The Trump administration has taken a hard-line approach toward Iran, raising the specter of a potential conflict. Meanwhile, France has been part of a coalition of nations seeking to maintain the Obama-era nuclear pact, formally known as the Joint Comprehensive Plan of Action (JCPOA), that offered Tehran sanctions relief in exchange for curbs to its nuclear program.

Trump asserted on Thursday that sanctions imposed by the U.S. after pulling out of the agreement have crippled Iran's economy and left the nation in tatters.

"They’re doing very poorly as a nation," he said. "They’re failing as a nation. And I don't want them to fail as a nation. We can turn that around very quickly, but the sanctions have been extraordinary how powerful they’ve been, and other things. I understand they want to talk and if they want to talk that’s fine."

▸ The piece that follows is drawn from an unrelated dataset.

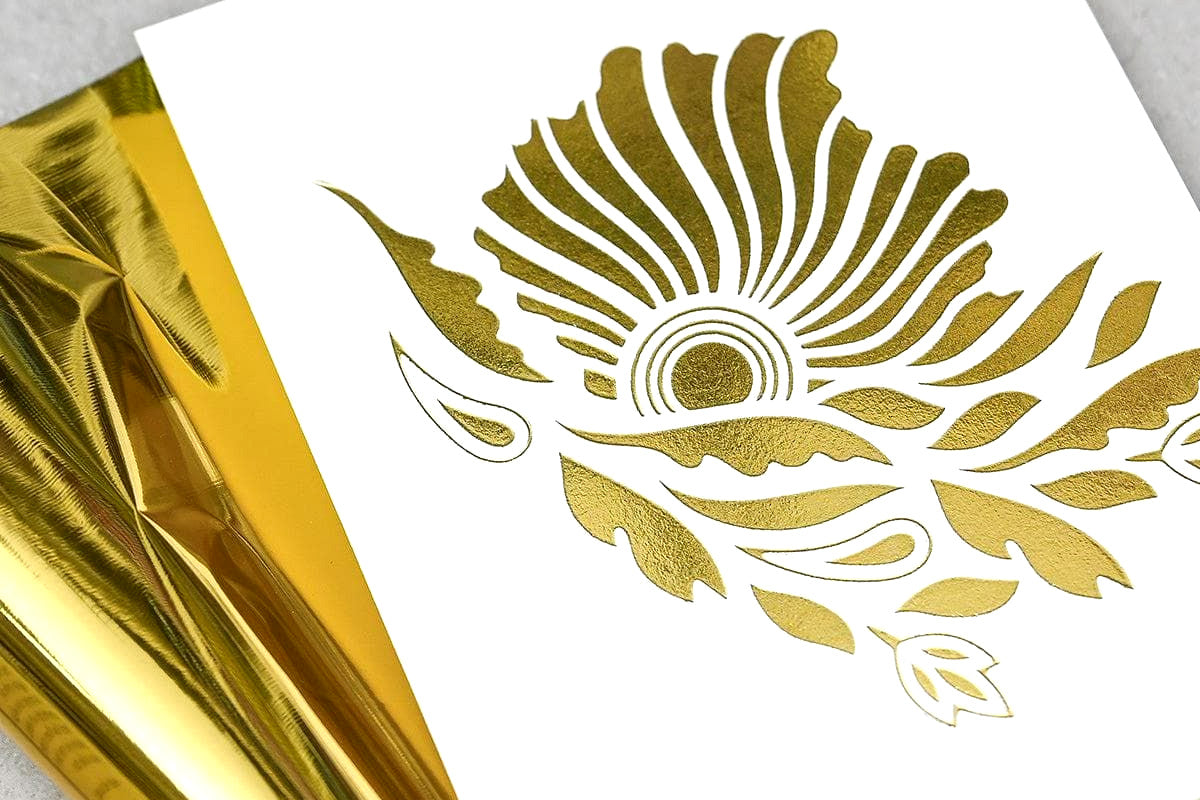 An intricate floral design hot-foiled onto cardstock with the Brushed Gold Hot Foil Roll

Iranian leaders have rejected the possibility of negotiations with the U.S., and the Trump administration announced it will deploy additional troops to the region, further escalating tensions. 

Macron, who unsuccessfully lobbied Trump to remain in the JCPOA, sought to portray the two leaders as on the same page.

"I think we do share the same objective on Iran," the French leader said.

He listed four common priorities of the U.S. and France in addressing Iranian behavior moving forward: preventing Iran from getting a nuclear weapon, reducing Iran's ballistic activity, containing Iran's regional activity and establishing peace in the region. 

"All the other debates are about technicalities," he said, calling for fresh negotiations to extend the terms of the JCPOA and to achieve those goals.